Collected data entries
_____

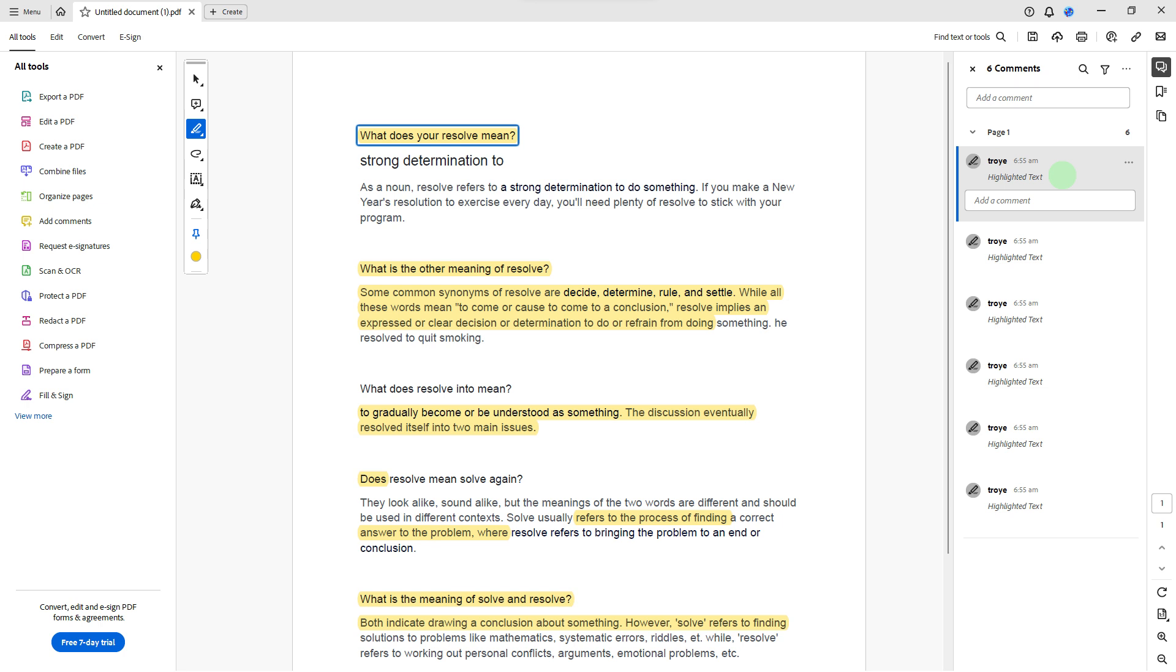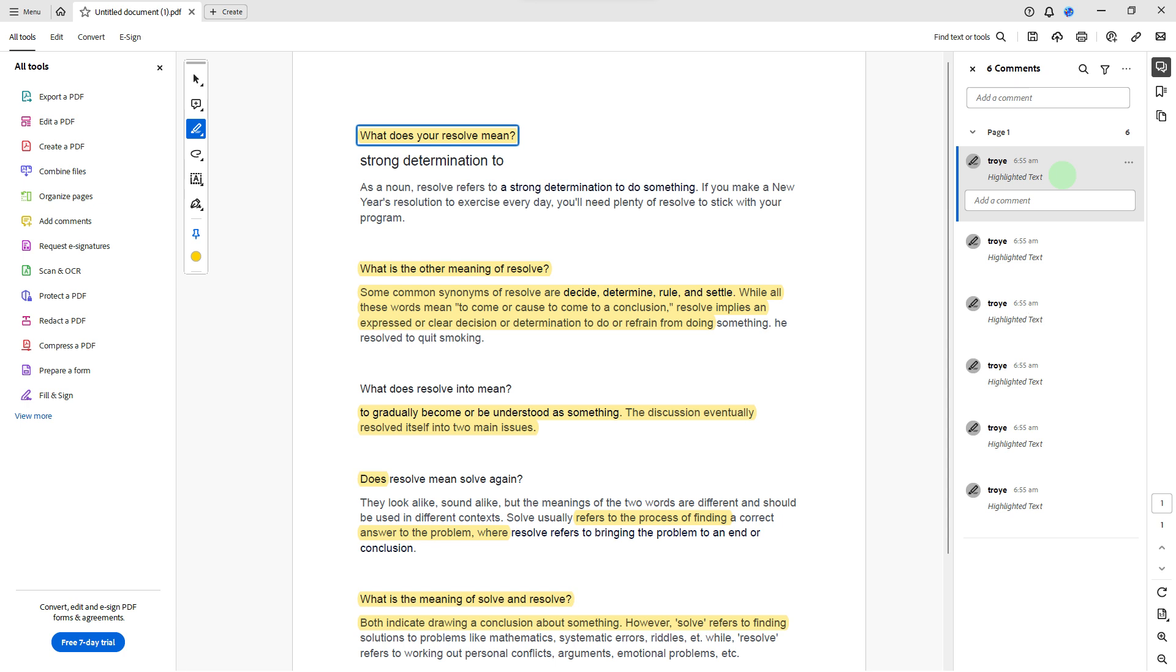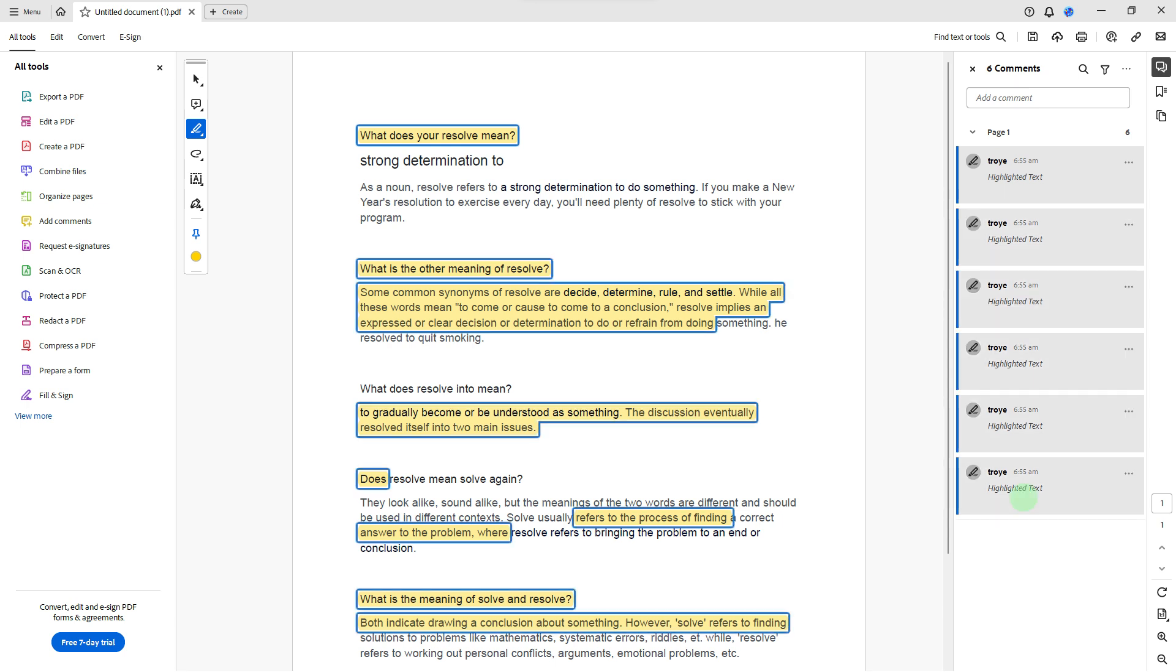To remove all highlights at once, hold down the Shift key on your keyboard. While holding down the Shift key, left-click on any part of the document where highlights are present. This action will select multiple highlights simultaneously.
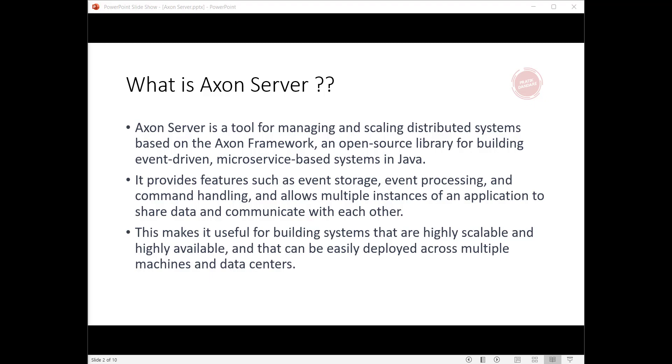What is Axon Server? First, Axon Server is a tool for managing and scaling distributed systems based on the Axon Framework, an open-source library for building event-driven microservice-based systems in Java. Second, it provides features such as event storage, event processing, and command handling.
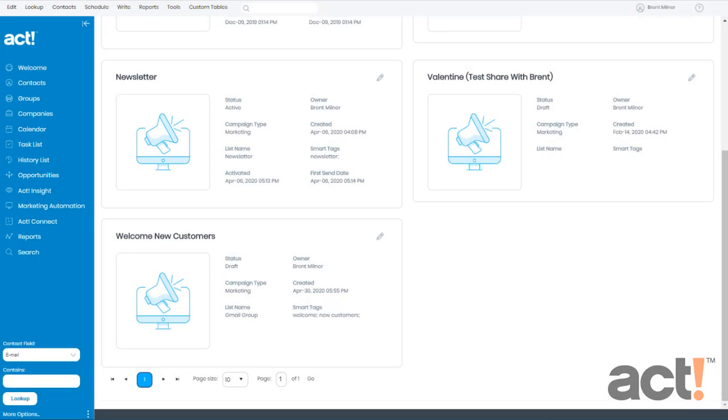When your subscribers show an interest in one of your marketing campaigns, it might be a good idea to add them to a different one. In this video, I want to show you how to automatically add subscribers from a current campaign into a different one in ACT Marketing Automation.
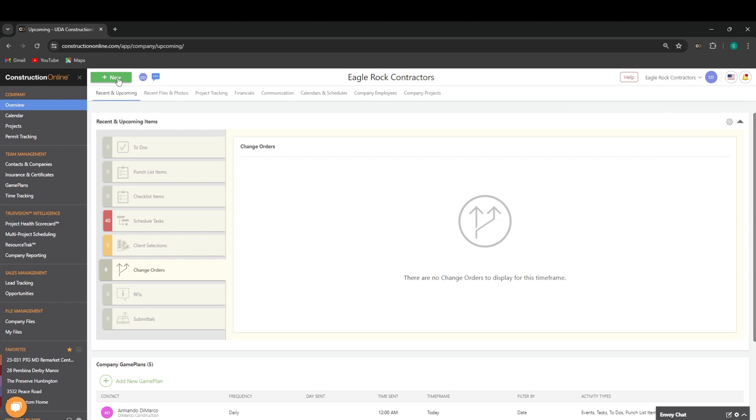When we are in any feature in ConstructionOnline, this new tab will be up at the top here. This is going to be for quick access to add a new contact or a new project, and then also for any specific feature we're working in, there'll be some additional new information there.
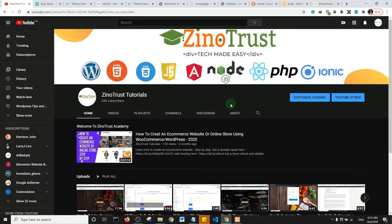Hello guys and welcome to another video from Xenotrust. In this video I'm going to show you some free and paid themes for your e-commerce website. These themes are ones I have actually looked at and found to have good designs, good user interface, and user experience. Before we get into this, I want to appeal to you — if you're watching this video, kindly subscribe to my channel. I need to get to a thousand subscribers and I'll really appreciate it if you can help me get there.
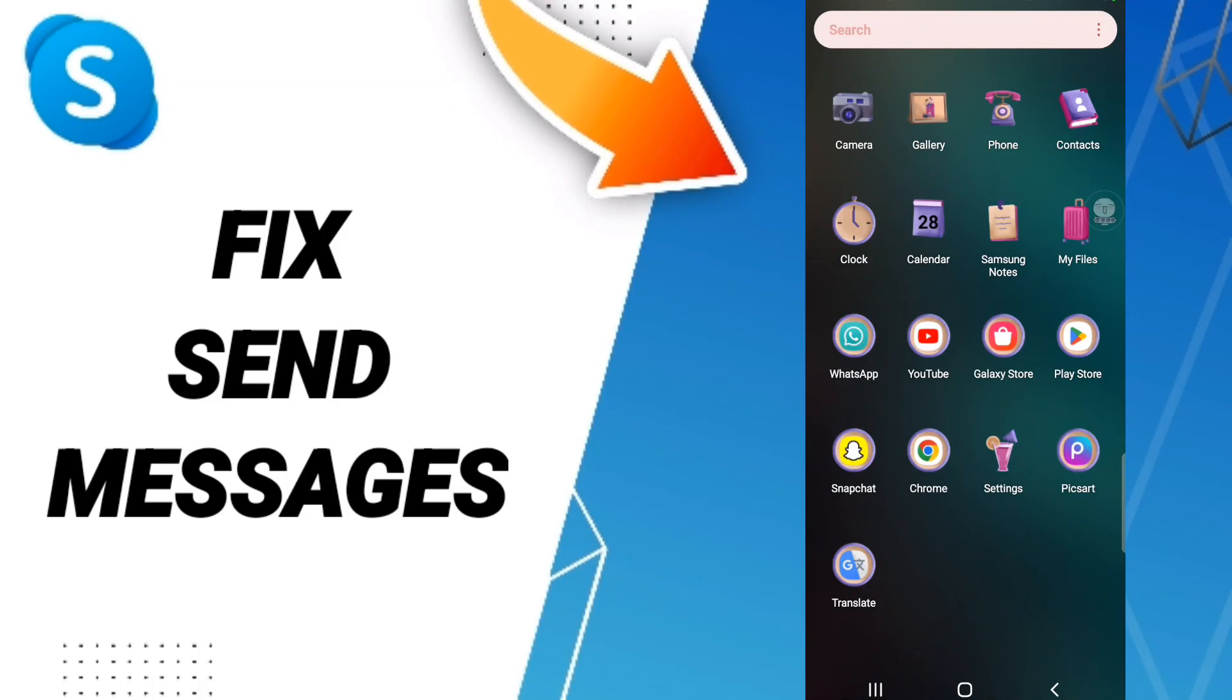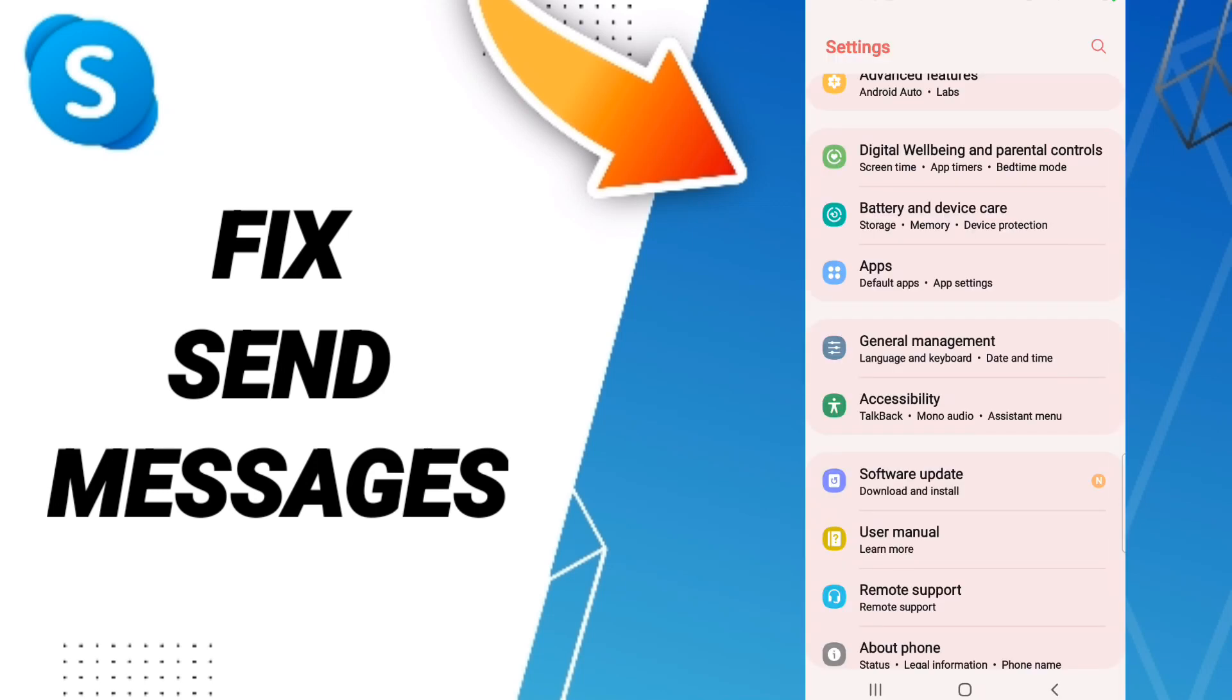Hello friends, today we'll talk about how to fix your Skype problem. To solve your Skype problem, you should click Settings. From here, you will enter Apps, then Default Apps, then App Settings.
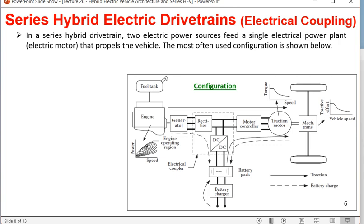The battery pack provides energy via a DC-to-DC converter, whose DC output is added to the rectifier's DC output at the electrical coupler point. The fuel tank, engine, generator, and rectifier form the primary DC link — the constant driving power source. The battery charger, battery pack, and DC-to-DC converter form the bumper electrical power link — the secondary source. The two DC electrical energies are coupled at the output of the rectifier and DC-to-DC converter.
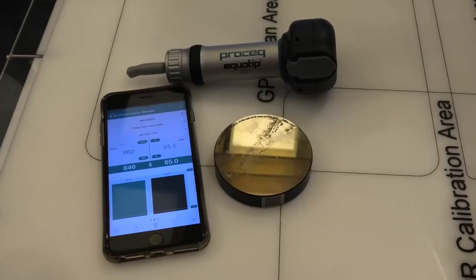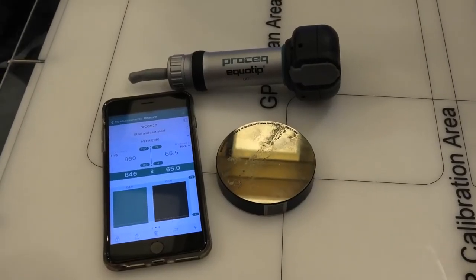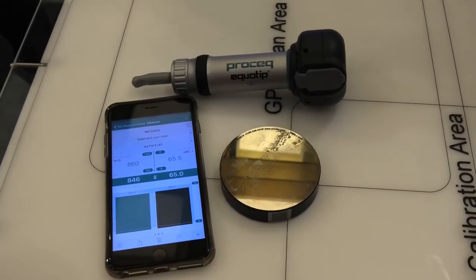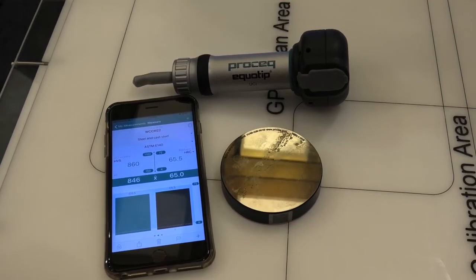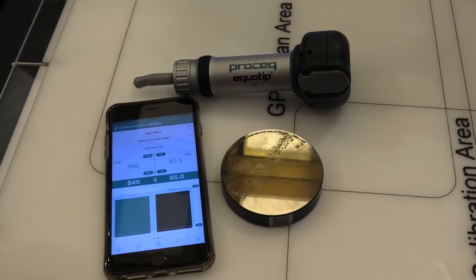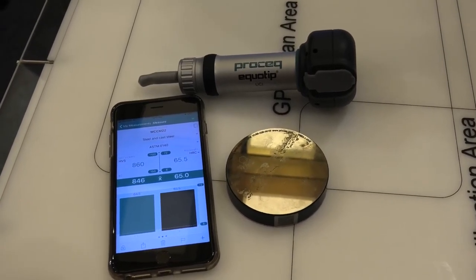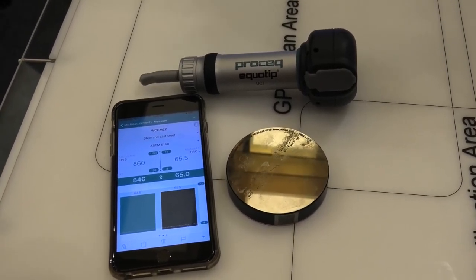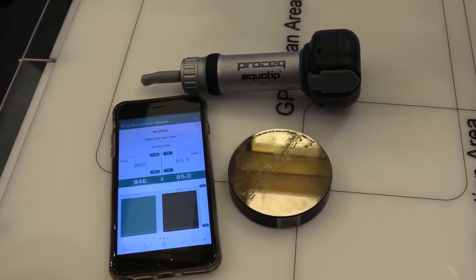ProSEC Equitip Live UCI is a very easy to use instrument, which enables you to do quick reporting on site.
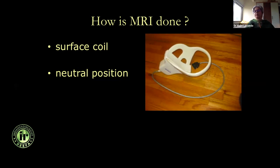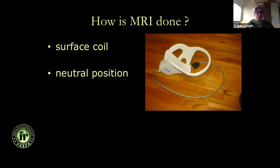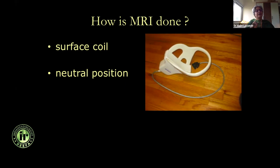Some people do arthrograms, but in our practice we have not done any arthrograms for more than a decade, because we are able to obtain very high resolution images. 3T is better for showing the labrum and cartilage, but even with 1.5 Tesla — which we have — you can get good images. It's very important to keep the field of view as small as possible to cover the shoulder. You cannot keep a large field of view and then zoom in, as spatial resolution is lost.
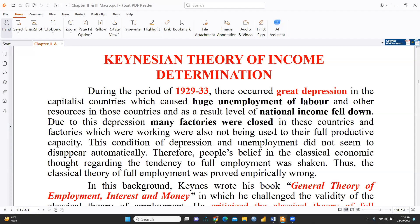Hi, everyone. Let's start Keynesian theory of income determination. As we have discussed classical theory in my previous video, today we would start this Keynesian theory of income determination.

_____

Find the line with "ProSEC Equitip Live" and the line with "Some people do" in the records above. Copy both and all lines between them exactly, without pictures.

### EXPECTED OUTPUT
ProSEC Equitip Live UCI is a very easy to use instrument, which enables you to do quick reporting on site.
Some people do arthrograms, but in our practice we have not done any arthrograms for more than a decade, because we are able to obtain very high resolution images. 3T is better for showing the labrum and cartilage, but even with 1.5 Tesla — which we have — you can get good images. It's very important to keep the field of view as small as possible to cover the shoulder. You cannot keep a large field of view and then zoom in, as spatial resolution is lost.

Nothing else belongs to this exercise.